TASK STATEMENT> Output all the data exactly. Pictures do not belong in the copy.

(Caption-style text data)
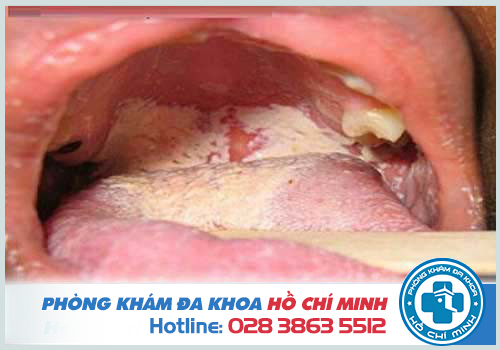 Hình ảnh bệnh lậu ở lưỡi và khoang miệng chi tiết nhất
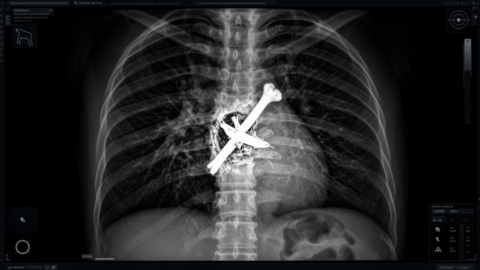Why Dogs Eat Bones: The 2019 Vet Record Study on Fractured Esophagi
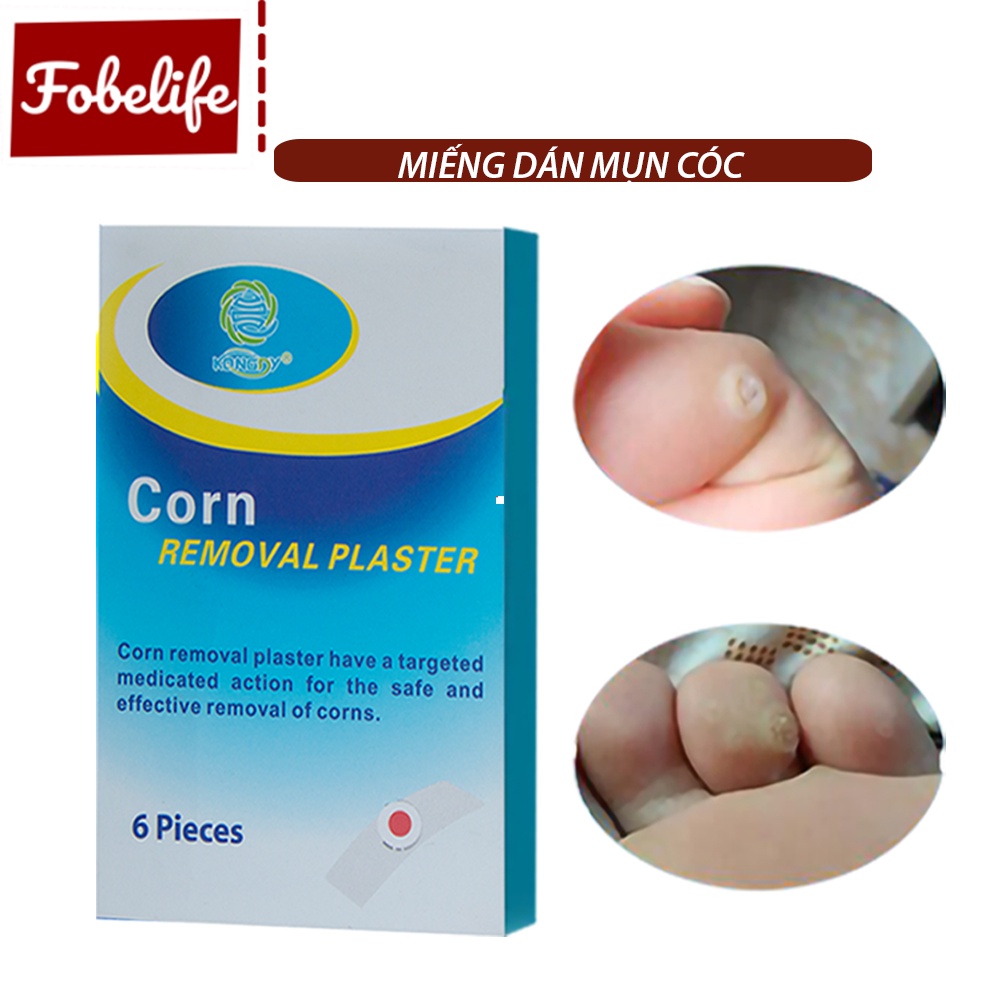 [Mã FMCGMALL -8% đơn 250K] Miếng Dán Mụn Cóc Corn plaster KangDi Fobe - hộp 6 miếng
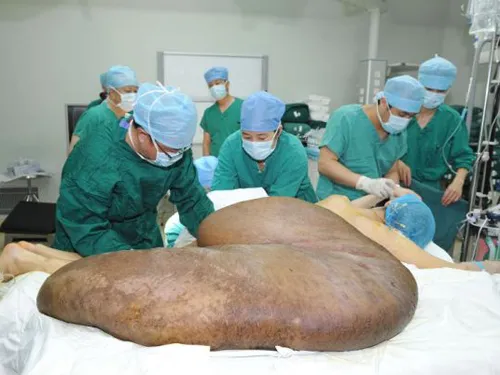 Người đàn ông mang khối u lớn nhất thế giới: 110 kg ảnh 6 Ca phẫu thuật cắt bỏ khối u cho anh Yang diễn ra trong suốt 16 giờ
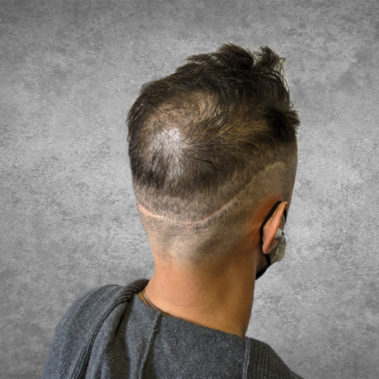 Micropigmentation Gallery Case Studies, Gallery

ANSWER TO THE EXERCISE>
 Hình ảnh bệnh lậu ở lưỡi và khoang miệng chi tiết nhất
Why Dogs Eat Bones: The 2019 Vet Record Study on Fractured Esophagi
 [Mã FMCGMALL -8% đơn 250K] Miếng Dán Mụn Cóc Corn plaster KangDi Fobe - hộp 6 miếng
 Người đàn ông mang khối u lớn nhất thế giới: 110 kg ảnh 6 Ca phẫu thuật cắt bỏ khối u cho anh Yang diễn ra trong suốt 16 giờ
 Micropigmentation Gallery Case Studies, Gallery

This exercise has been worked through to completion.